I did a little research on the application of the BJR to non-profit boards for a post I did on Business Law Prof relating to the NYSE/Archipelago deal and some then pending litigation. Here's what I wrote:

The fact that the NYSE is currently a non-profit corporation makes this case more interesting. Plaintiffs can argue that the business judgment rule does not apply to non-profit corporations. Some courts have held this to be the case, others have held the opposite, although I do not believe that a New York court has ruled on this issue. One of the primary justifications of the business judgment rule is the recognition that building a successful business entails taking risks. Because potential profits often corresponds to potential risk, the law should not discourage corporate risk taking.
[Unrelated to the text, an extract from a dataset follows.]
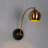 1-Light Dimmable Modern Black/Brass Armed Sconce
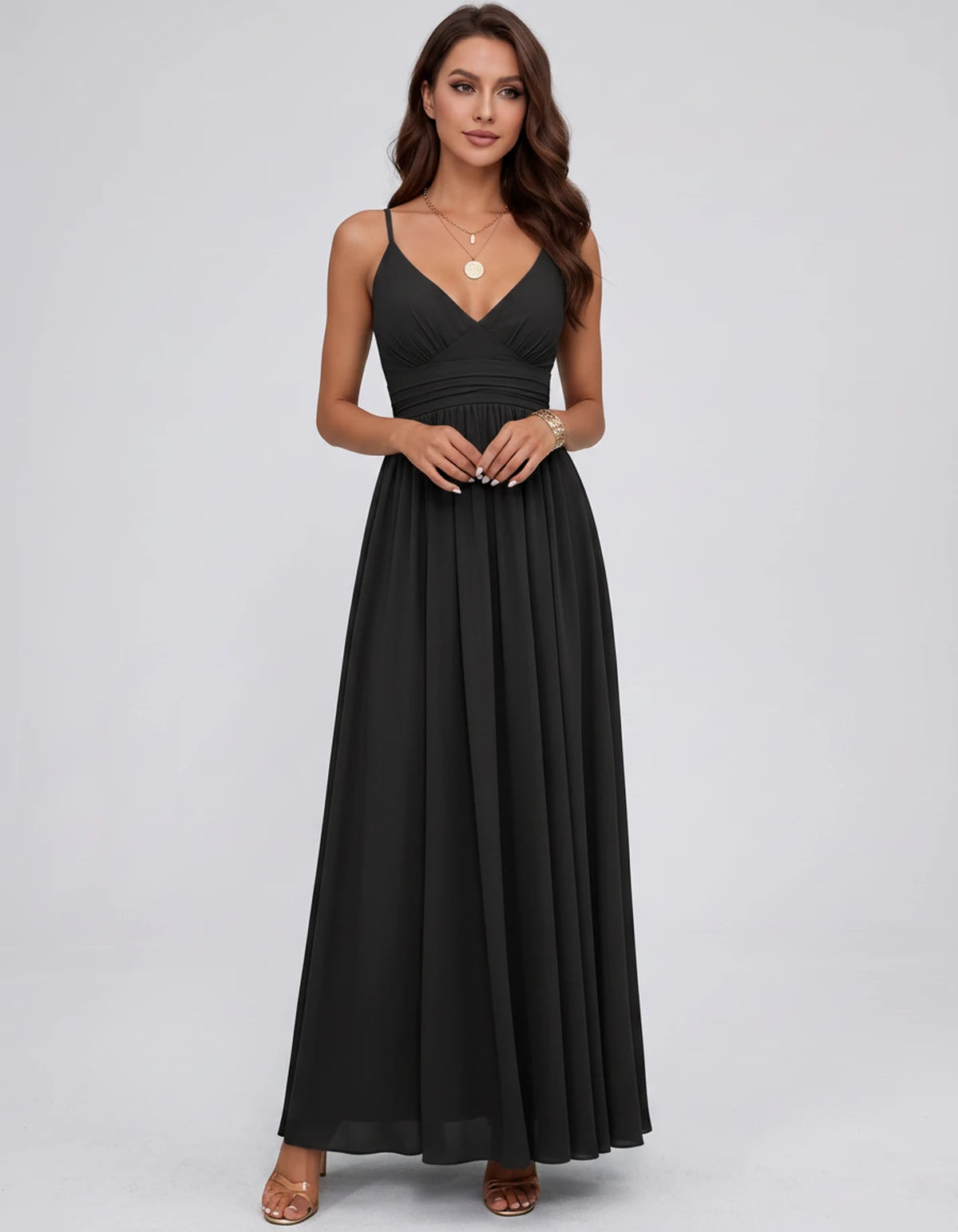 Belisse Maxi Dress — Black | SKU: SD-82788-black-2,SD-82788-black-4,SD-82788-black-6,SD-82788-black-8,SD-82788-black-10,SD-82788-black-12,SD-82788-black-14,SD-82788-black-16,SD-82788-black-16W,SD-82788-black-18W,SD-82788-black-20W,SD-82788-black-22W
Therefore, the business judgment rule takes out of the equation director concerns about personal liability for a risky decision turning out poorly, absent bad faith, failure to be adequately informed or self-dealing. This rationale obviously does not apply with the same force for a non-profit, although other BJR rationales may (encouraging competent individuals to serve as directors, courts ill equipped to second guess business decisions, etc.)

Larry E. Ribstein

The question is why non-profits are assumed to take less risk. Despite the misleading nomenclature, the only difference between a "non-profit" and a "for-profit" is distributions, not the existence of profit. In other words, only the beneficiaries differ -- the owners vs. somebody else. Owners of publicly held firms presumably diversify and therefore aren't averse to firm-specific risk. Perhaps that isn't true of the beneficiaries of non-profits. But I'm not sure how this distinction relates to either the amount of executive compensation or the board's decision to pay it.

Bill Sjostrom

I agree that the issue of risk taking doesn't seem to relate to a board decision concerning executive compensation. Also, I didn't intend to imply that I think non-profits take less risk than for-profits. Isn't the broader question whether non-profit law should be designed so that it does not discourage risk taking?

Larry Ribstein

Yes, but only to the extent that this is consistent with the other goals of nonprofits, including protecting contributors.

Robert Schwartz

This is a very interesting, however the New York Not-for-Profit Corporation Law contains a specific provision on point, to-wit:

§ 202. General and special powers.

(a) Each corporation, subject to any limitations provided in this chapter or any other statute of this state or its certificate of incorporation, shall have power in furtherance of its corporate purposes:

(12) To elect or appoint officers, employees and other agents of the corporation, define their duties, fix their reasonable compensation and the reasonable compensation of directors, and to indemnify corporate personnel. Such compensation shall be commensurate with services performed.


The coresponding provision of the BCL, reads:

(10) To elect or appoint officers, employees and other agents of the corporation, define their duties, fix their compensation and the compensation of directors, and to indemnify corporate personnel.

Clearly there is a statutory limitation on compensation. There will no doubt be issues as to burdens of broof and standards of reasonableness. But, the statutory playing field is different than the one for business corporations.

Larry E. Ribstein

The "reasonable" compensation limit is a standard feature of non-profit law, as I understand it. But it doesn't clarify the non-application of the business judgment rule. Among other things, the bjr is properly viewed as a limited on judicial interference (see Bainbridge) rather than a limit on the level of compensation.